Comment votre carrière a-t-elle évoluée ?

En 2002, au vu de mes résultats, mon chef de service m'a proposé de suivre une formation « bloc OPJ » pour devenir officier de police judiciaire. La formation a duré 14 semaines à l'école de police avec un examen écrit et oral. En 2002, j'ai aussi suivi un stage avec un psychologue sur comment améliorer le témoignage, raviver les souvenirs de la personne interrogée par des techniques de mise en confiance. De gardien de la paix, je suis passé brigadier de police et officier de police judiciaire en octobre 2004.
En 2003-2004, la réforme de la police a donné plus de responsabilités au corps d'encadrement et d'application. Du coup, passer le concours d'officier ne m'intéressait plus car cela signifiait un concours difficile, 18 mois d'école pour au final avoir des missions d'encadrement mais plus que des missions opérationnelles.

Avez-vous avez réussi à avoir de réelles responsabilités comme gardien de la paix ?

Oui.
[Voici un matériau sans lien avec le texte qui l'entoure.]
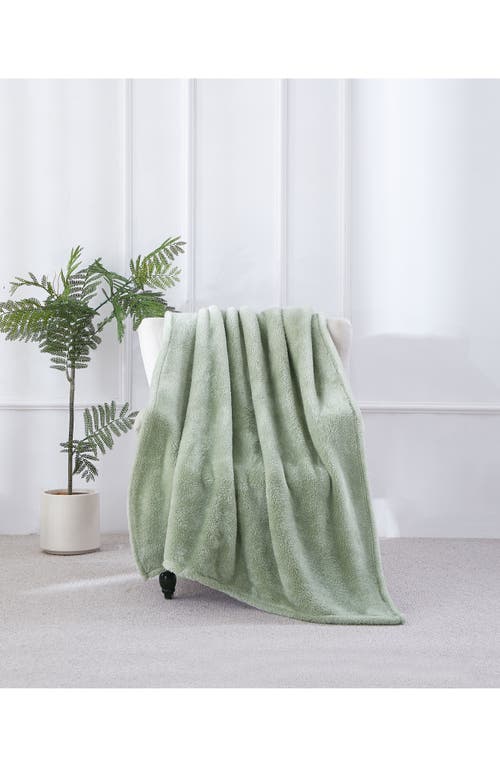 Bcbg Oversize High Pile Fleece Throw Blanket In Green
Avec la réforme, nous sommes passés d'un gardien de la paix « stupide », bon à verbaliser et à garder des portes, à un gardien de la paix responsable et plus autonome. Quand j'ai quitté le Blanc-Mesnil, j'étais responsable du commissariat. Avec un commissaire par département et un officier pour quatre commissariats, un brigadier OPJ comme moi peut gérer le judiciaire et l'administratif.

Votre parcours montre la diversité des missions possibles pour un gardien de la paix.
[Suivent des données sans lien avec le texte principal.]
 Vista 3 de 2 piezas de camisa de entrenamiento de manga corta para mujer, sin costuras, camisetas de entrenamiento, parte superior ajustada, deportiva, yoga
Gardien de la paix est un métier où on peut faire ce qu'on veut. On passe tous par la sécurité publique en commissariat, mais très rapidement, si on sait se faire remarquer, on peut passer dans d'autres services, se spécialiser. Une personne sportive ira plutôt en BAC (brigade anti-criminalité), une personne qui aime rédiger des procédures ira en DSU (sécurité urbaine). C'est très ouvert, à condition de ne pas hésiter à accepter les responsabilités, à prendre des initiatives. J'étais toujours volontaire pour faire des procédures et je ne regardais pas ma montre.